╭─ Provided data
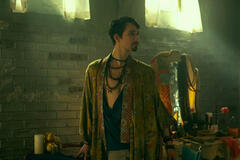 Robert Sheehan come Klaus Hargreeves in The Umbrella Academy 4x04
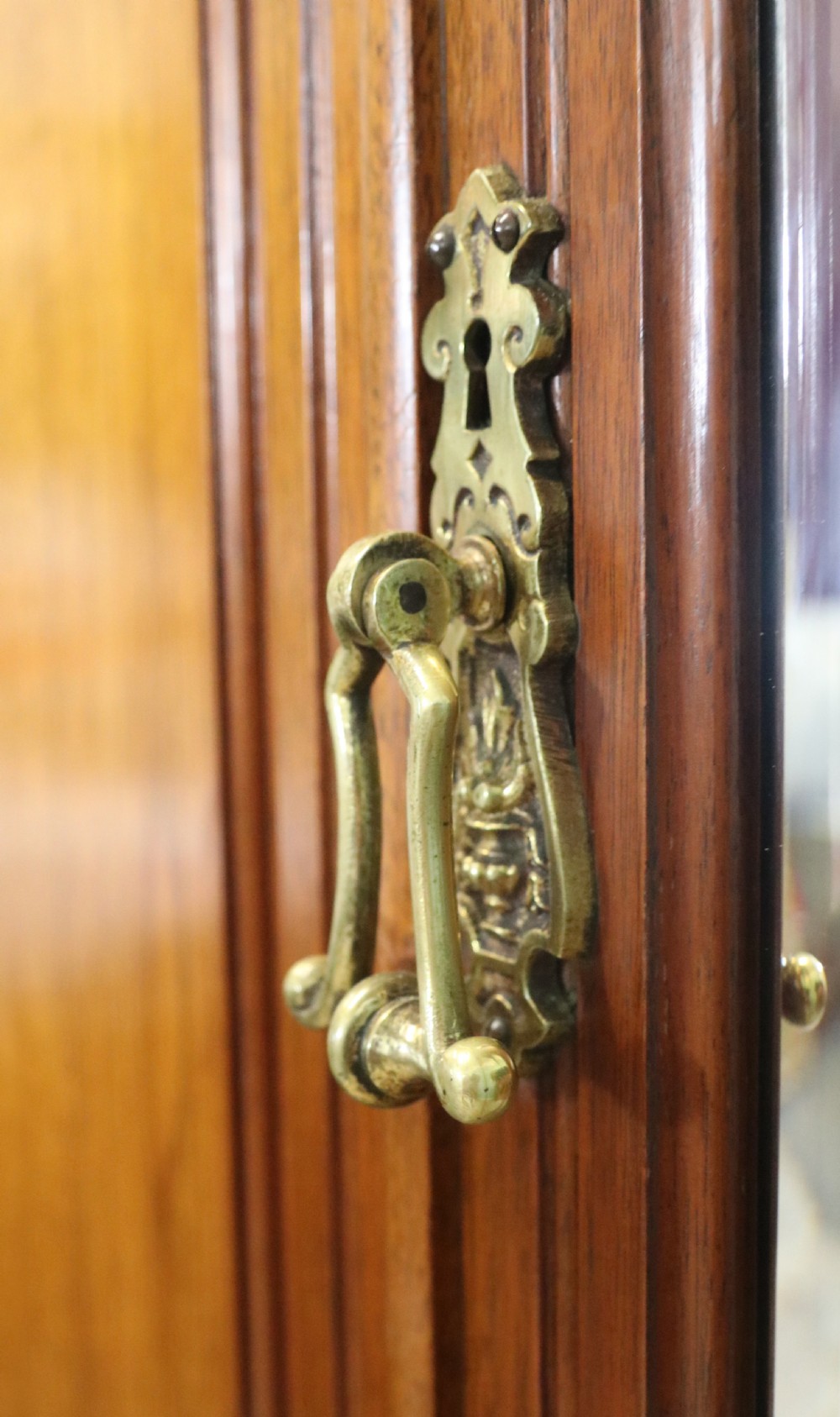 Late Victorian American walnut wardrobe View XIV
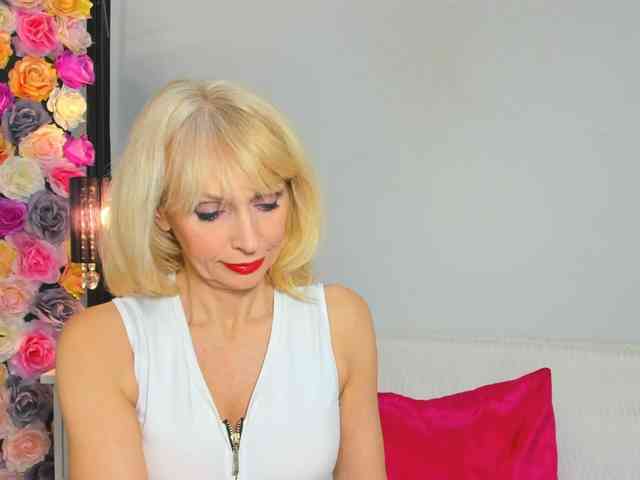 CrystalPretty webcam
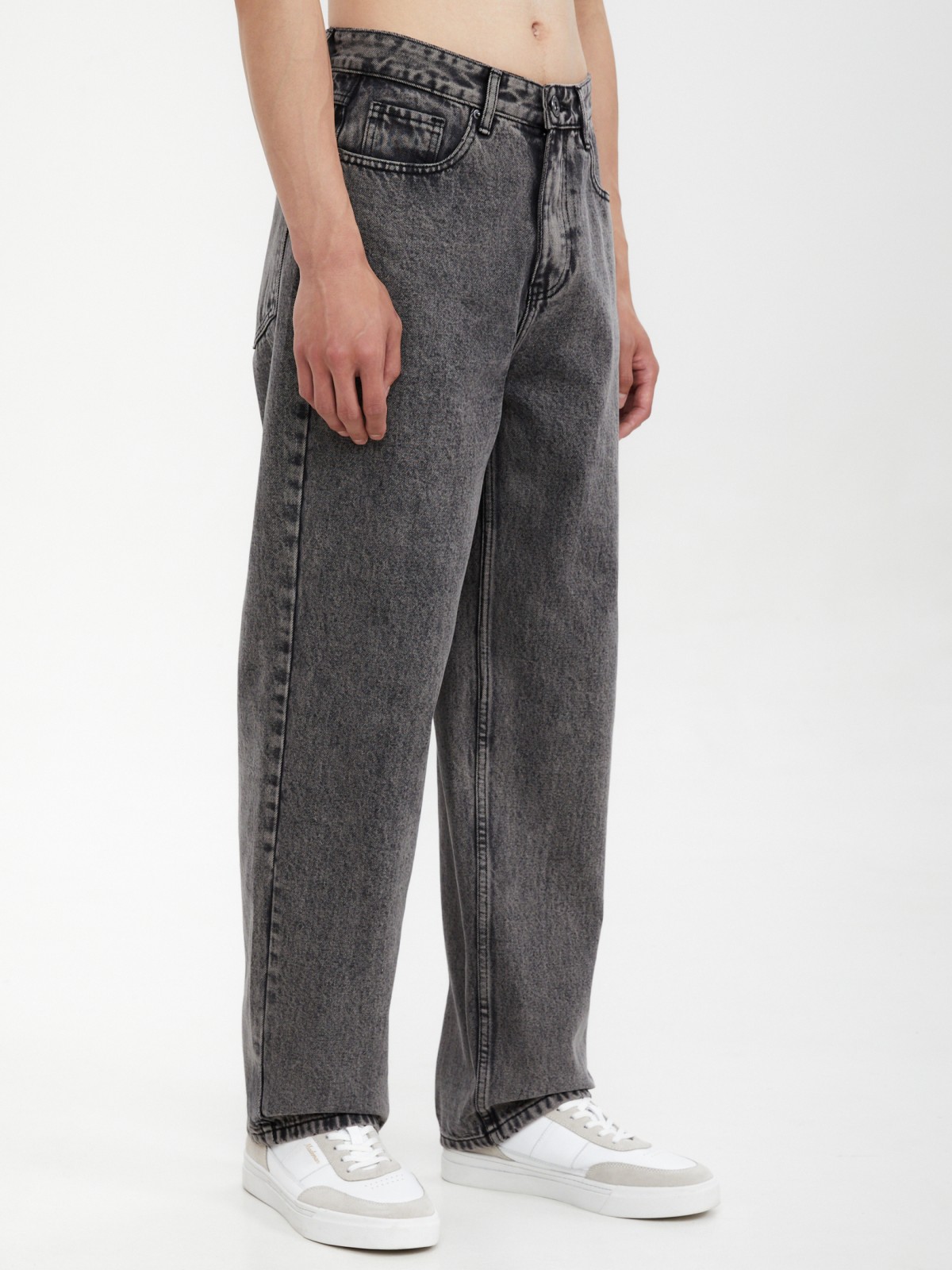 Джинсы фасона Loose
╰─
Task to complete ->
Output the data above in full and exactly, with every image left out.

Exercise answer ->
 Robert Sheehan come Klaus Hargreeves in The Umbrella Academy 4x04
 Late Victorian American walnut wardrobe View XIV
 CrystalPretty webcam
 Джинсы фасона Loose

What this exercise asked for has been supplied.